[INFORMATION SHOWN — start]

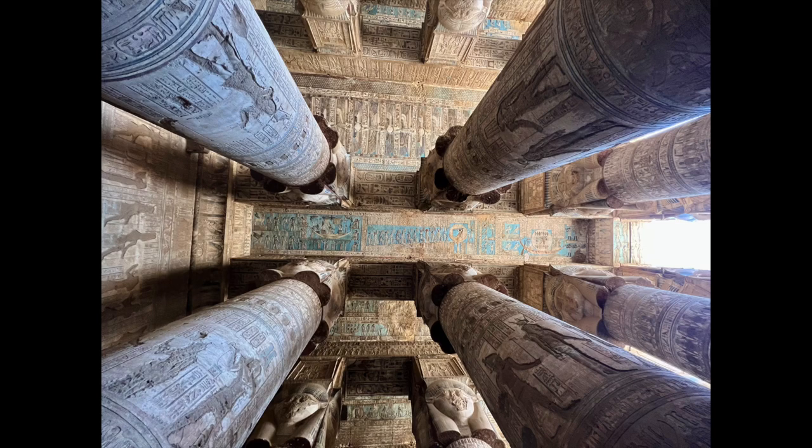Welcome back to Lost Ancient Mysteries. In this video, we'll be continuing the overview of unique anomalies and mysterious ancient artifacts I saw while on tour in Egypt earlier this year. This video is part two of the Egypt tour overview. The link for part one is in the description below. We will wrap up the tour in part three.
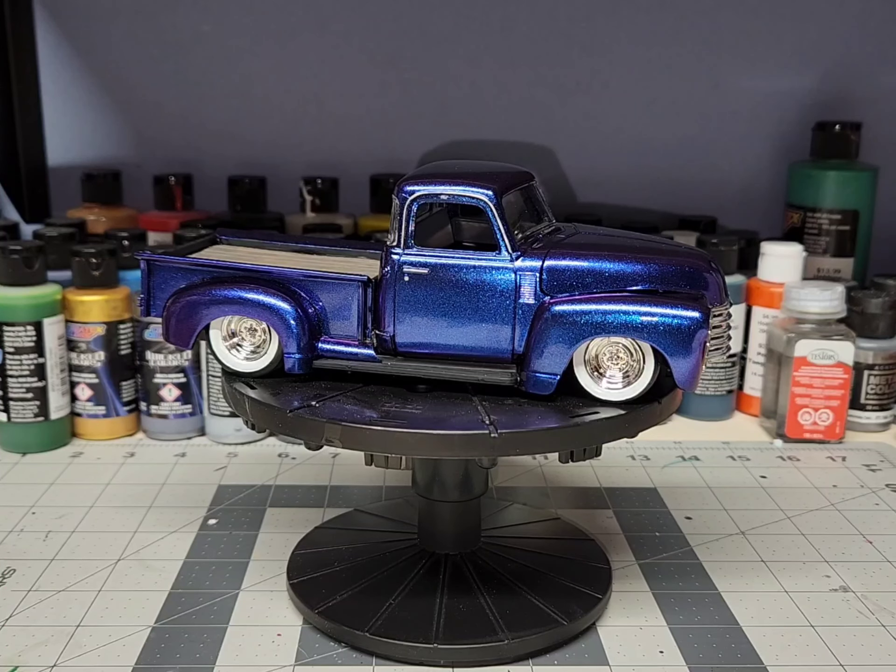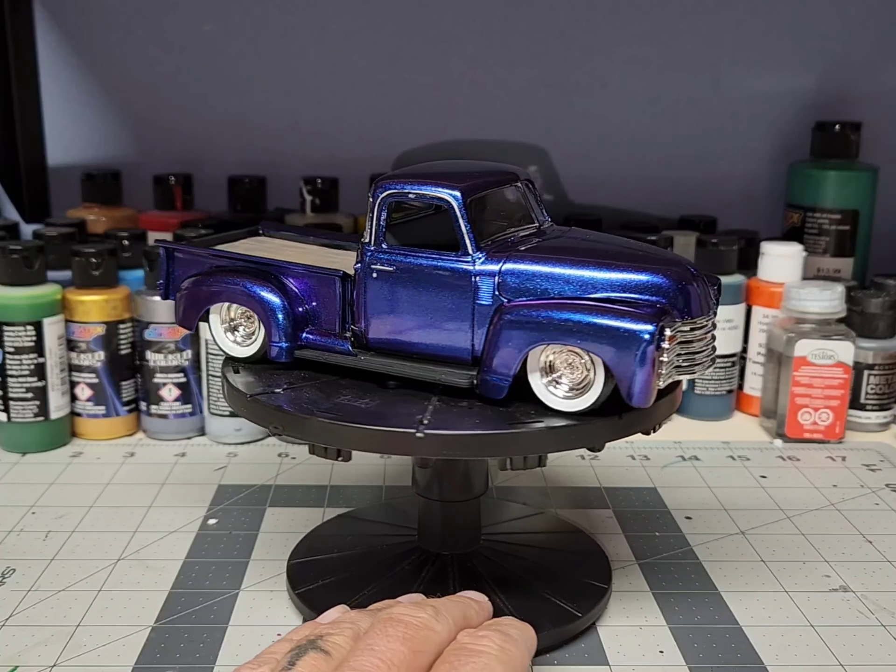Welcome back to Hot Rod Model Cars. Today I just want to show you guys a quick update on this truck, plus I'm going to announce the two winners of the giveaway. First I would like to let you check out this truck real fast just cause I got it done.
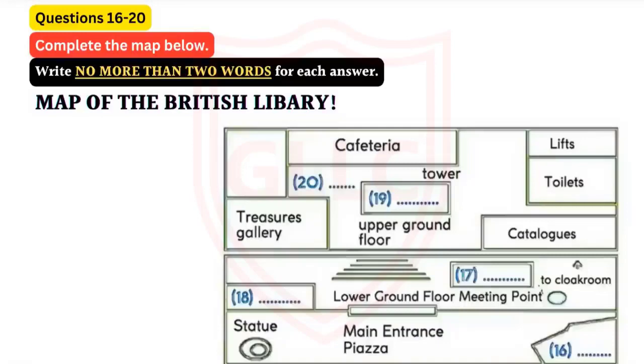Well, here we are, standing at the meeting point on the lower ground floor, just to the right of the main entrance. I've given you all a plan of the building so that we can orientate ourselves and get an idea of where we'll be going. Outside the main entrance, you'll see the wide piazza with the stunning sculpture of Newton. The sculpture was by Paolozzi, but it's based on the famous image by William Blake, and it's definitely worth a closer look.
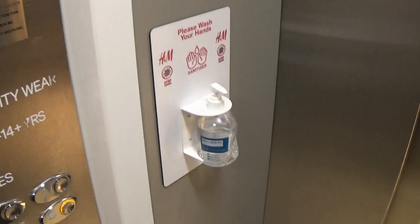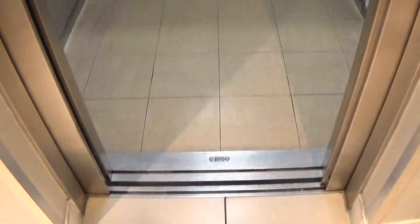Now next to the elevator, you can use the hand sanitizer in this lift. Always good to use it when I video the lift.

[INFORMATION SHOWN — finish]

[EXERCISE INSTRUCTIONS] Every line in the data above needs to be given again exactly, pictures aside.

[RESPONSE FOR THIS EXERCISE]
Welcome back to Lost Ancient Mysteries. In this video, we'll be continuing the overview of unique anomalies and mysterious ancient artifacts I saw while on tour in Egypt earlier this year. This video is part two of the Egypt tour overview. The link for part one is in the description below. We will wrap up the tour in part three.
Welcome back to Hot Rod Model Cars. Today I just want to show you guys a quick update on this truck, plus I'm going to announce the two winners of the giveaway. First I would like to let you check out this truck real fast just cause I got it done.
Well, here we are, standing at the meeting point on the lower ground floor, just to the right of the main entrance. I've given you all a plan of the building so that we can orientate ourselves and get an idea of where we'll be going. Outside the main entrance, you'll see the wide piazza with the stunning sculpture of Newton. The sculpture was by Paolozzi, but it's based on the famous image by William Blake, and it's definitely worth a closer look.
Now next to the elevator, you can use the hand sanitizer in this lift. Always good to use it when I video the lift.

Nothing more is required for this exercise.